Six months ago, Seoul shut down the Kaesong Industrial Complex in the North’s border city of the same name, the last symbol of inter-Korean reconciliation, in response to the communist country’s fourth nuclear test in January and launch of a long-range rocket in the following month.
Seoul’s unification ministry stressed that the closure of the complex was an inevitable decision as North Korea has never stopped its nuclear and missile development, and threatening South Korea’s national security.
“At a time when North Korea poses (nuclear and missile) threats, it is nonsense to talk about the reopening of the factory zone,” Jeong Joon-hee, ministry spokesman, told a regular press briefing.
Seoul said that the government places priority on making Pyongyang give up its nuclear weapons program over the resumption of any inter-Korean talks.
Critics and opposition lawmakers said the government should seek ways to resume the factory zone, saying that politics and economic activities need to be handled separately.
South Korea’s decision to close the complex aims to prevent money generated from the factory zone from bankrolling the North’s nuclear and missile programs, the government said.
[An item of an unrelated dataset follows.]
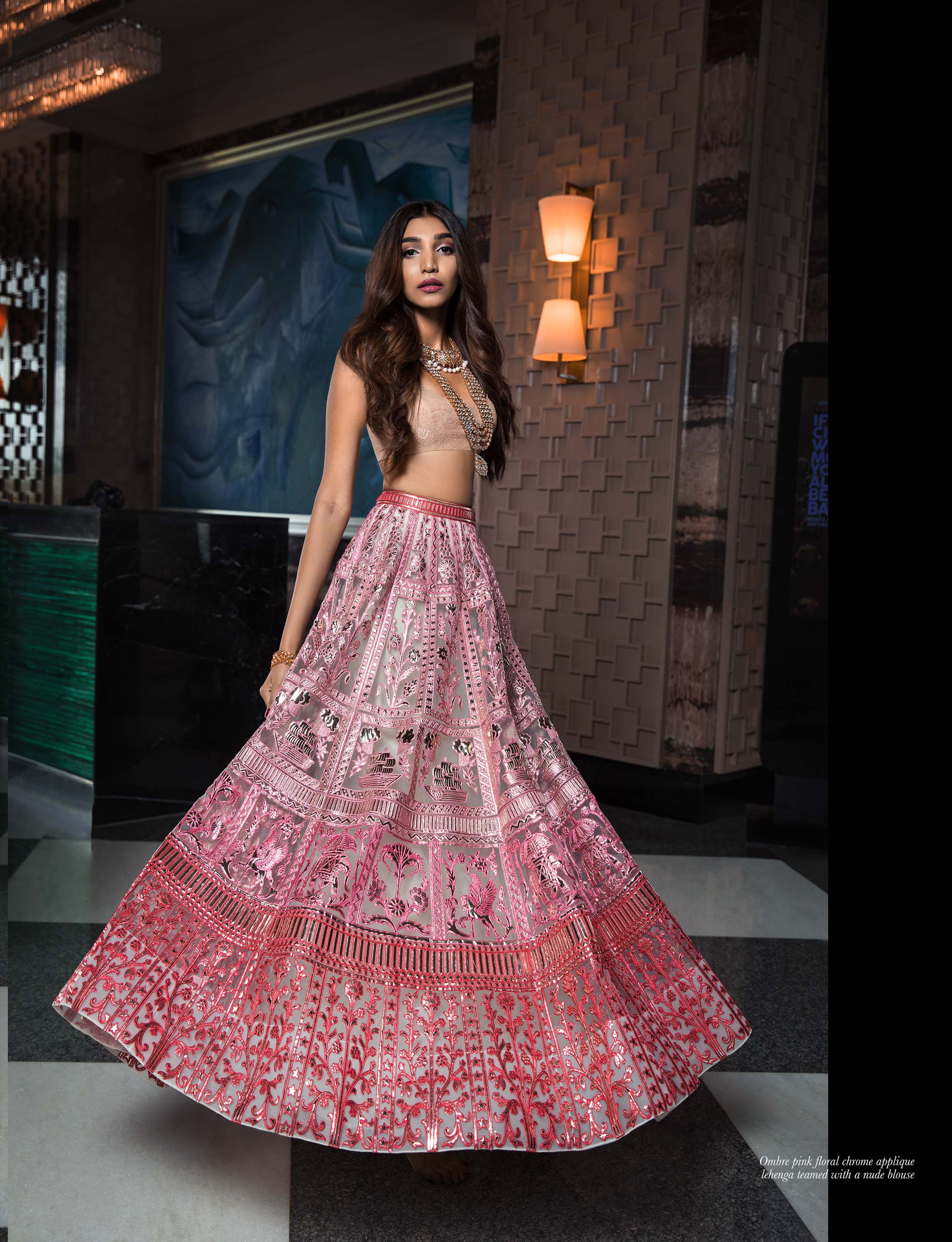 Juhi Godambe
Since the opening in 2004, a total of 124 South Korean firms had operated factories at the complex, some 50 kilometers northwest of Seoul, employing more than 54,000 North Korean workers to produce labor-intensive goods, such as clothes and utensils.
The companies claimed that the shutdown has incurred more than 1.5 trillion won (US$1.4 billion) in financial losses, saying that the government’s financial support is not sufficient to cover their damage.
Seoul said that it has provided 336.9 billion won, or 66 percent, of earmarked support funds totaling 500 billion won to the firms.
“The government hopes that the companies could normalize their businesses within this year, aided by the government’s financial support plan and their self-rescue efforts,” Jeong said.